Musicalement, la distribution n’est pas vraiment exceptionnelle, Melanie Diener n’a pas vraiment les moyens d’une Ursula, ses aigus sont proches du cri, la voix manque de corps et de chair, on aimerait une voix plus ronde, plus chaude, plus puissante, plus habitée. Celle plus modeste et plus habitée de Martina Welschenbach pour Regina est sans doute plus en situation, mais la couleur n’est pas exceptionnelle, quant à Nadine Weissmann, elle crie dans la comtesse de Helfenstein, mais en réalité c’est un rôle qiui exige cri et tension. Le Capito de Wolfgang Ablinger-Sperrhacke est convaincant tant par l’interprétation que par la couleur, tout comme Gregory Reinhart dans  Riedinger ou Michael Weinius dans Schwalb. Il reste que l’ensemble des solistes ne dépasse pas une honnête moyenne. Avec les réserrves sur son volume, Mathias Goerne a pris l’exacte mesure du rôle, dont on comprend qu’il fut gravé par Dietrich Fischer-Dieskau: il exige une telle maîtrise du texte, des couleurs qui changent au fur et à mesure que le Mathis artiste engagé dans le monde découvre que son engagement est à la fois stérile dans ses effets, il ne change rien au monde et dans son art: il ne produit plus. Chacun doit rester dans son ordre, telle pourrait être le message de cette histoire, mais en même temps fidèle à ses principes artistiques et humains. Ce que fut Hindemith, et même d’une certaine manière encore discutée aujourd’hui, Furtwängler.
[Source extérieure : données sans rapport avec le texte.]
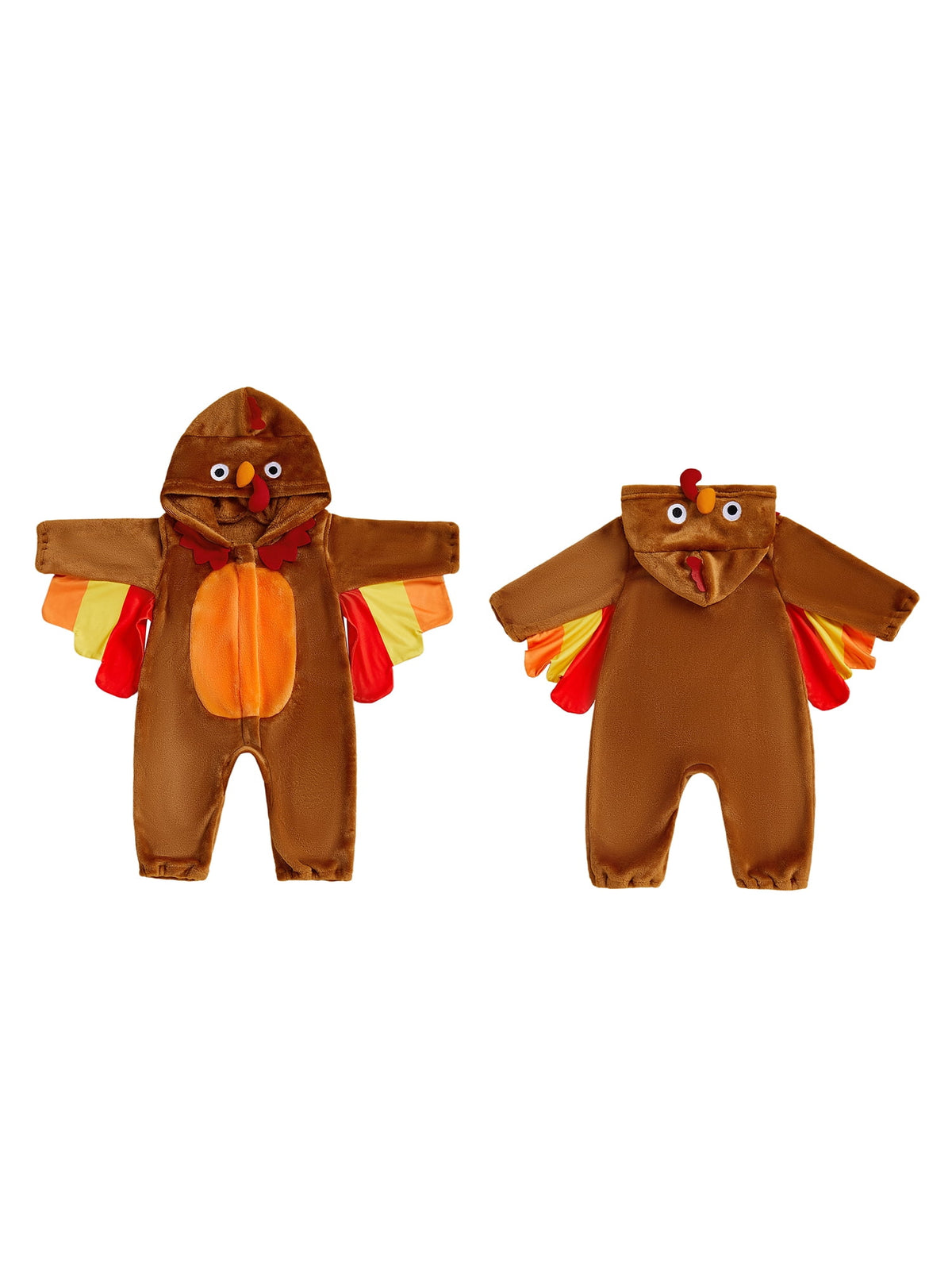 RUINIXCW Toddler Baby Girl Boy Thanksgiving Turkey Costume Kids Halloween Animal Costume Infant Baby Boy Girl Fall Winter Clothes Warm Flannel Romper Long Sleeve Hooded Zip Up Jumpsuit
Je ne suis vraiment pas un grand amateur de Christoph Eschenbach, mais on doit reconnaître le magnifique travail effectué avec l’orchestre de l’opéra pour défendre cette musique qui apparaît plus sage, en recul par rapport à d’autres opéras des années 20 et notamment Cardillac ou Neues vom Tage. Avec des longueurs aussi. Mais il y a des moments d’une telle intensité, d’un tel engagement, d’une telle richesse dans l’orchestration qu’on les oublie. Et puis il ya les deux derniers tableaux, d’une beauté et d’une émotion qui étreignent.

Pris comme un ensemble, la représentation est d’une très grande qualité, c’est une sorte de Grand Opéra du vingtième siècle, une oeuvre “à thème” , “à idées” au moment où les idées étaient battues en brèche,  une oeuvre qui méritait d’être créée à l’Opéra et qui obtient un succès mérité dans le public qui se presse à Bastille.